Paylaş
Ölümcül tehlikeler barındıran bu iş sırasında başkalarına yardım için çırpınırken eve döndüğünüzde apartman kapısında “Sen arkadan giriş yapacaksın” talimatıyla karşılandığınızı da düşünün...
Başkasının hayatını kurtarırken bir süre iş yapamayacak şekilde rahatsızlanmışken maaşınızın kesildiğini de düşünün şöyle etraflıca.
Bu arada her gün hakarete uğradığınızı, haksız yere şikâyet edildiğinizi, dayak yediğinizi, yaralandığınızı ve belki de hayatınızı kaybedeceğinizi düşünün lütfen.
Bu stres dolu, tehlike dolu, maddi açıdan doyuruculuğu tartışmalı, manevi açıdan alkış ile yuhalamak arasında sıkışmış işi yapar mısınız?
Sağlık çalışanları böyle yaşıyor işte...
Hatırlarsınız, mart ayında bütün dünyada olduğu gibi Türkiye’de de akşam belli bir saatte evlerin camlarını açıp, balkonlara çıkıp alkışlar yollamıştık sağlık çalışanlarına.
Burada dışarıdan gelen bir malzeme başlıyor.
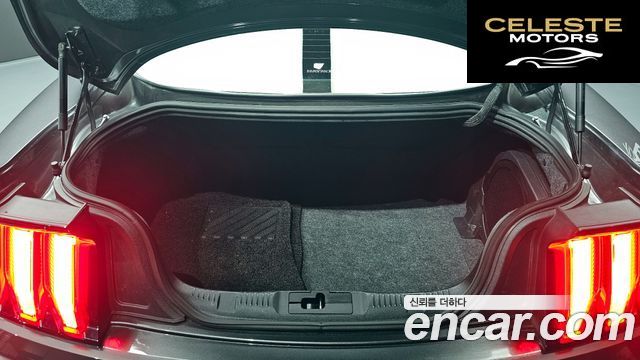 FORD Coupé 2020 — photo 26 sur 30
Salgın hastalıkla en ön cephede korkusuzca, gerçek kahramanlar olarak savaşanlara şükranlarımızı böyle sunmuştuk...
Ağustos ayına geldiğimizde arkadaşımız İpek İzci’nin Hürriyet Pazar’daki kapsamlı haberi şöyle başlıyordu:
“Aile Hekimliği Çalışanları Sendikası cezalar artsa da sağlıkta şiddet vakalarının 2020’nin ilk altı ayında son 11 yılın en yüksek seviyesine çıktığını açıkladı...”
İzci, haberinde şiddete uğramış 5 sağlık çalışanıyla konuşuyordu. Uğradıkları saldırıları, işittikleri küfürleri, sayısız ölüm tehdidini okurken yüzüm kızardı...
Sağlık çalışanlarının yüzde 60’ı 10 kereden fazla saldırıya uğradığını söylüyor... Yasal yollardan bir sonuç alamayacağını düşünenlerin oranı ise yüzde 65...
Nisan ayında sağlık çalışanlarına yönelik saldırılarla ilgili bir düzenleme yapıldı ancak zaten verimi tartışılan ceza arttırıcı tüm önlemler gibi bir işe yaramadı...
Saldırılar tam gaz, küfürler ve tehditler tam gaz devam ediyor; yapana hiçbir şey olmuyor, kamuoyunda infial yaratan hadiselerden sonra gözaltına alınanlar bile salıveriliyor...
Geçen hafta Ankara’da servis kapısına sedyeyle yığınak yaparak kendilerini korumaya çalışan sağlık çalışanları gündeme gelmişti...
O haberden bu yana kaç hadise daha yaşandı.
Daha dün Trabzon’da bir hekim aldığı ölüm tehdidinin kayıtlarını paylaştı “Görün, duyun; yeter!” diye...
Hakikaten artık bir zahmet görün, duyun; yeter!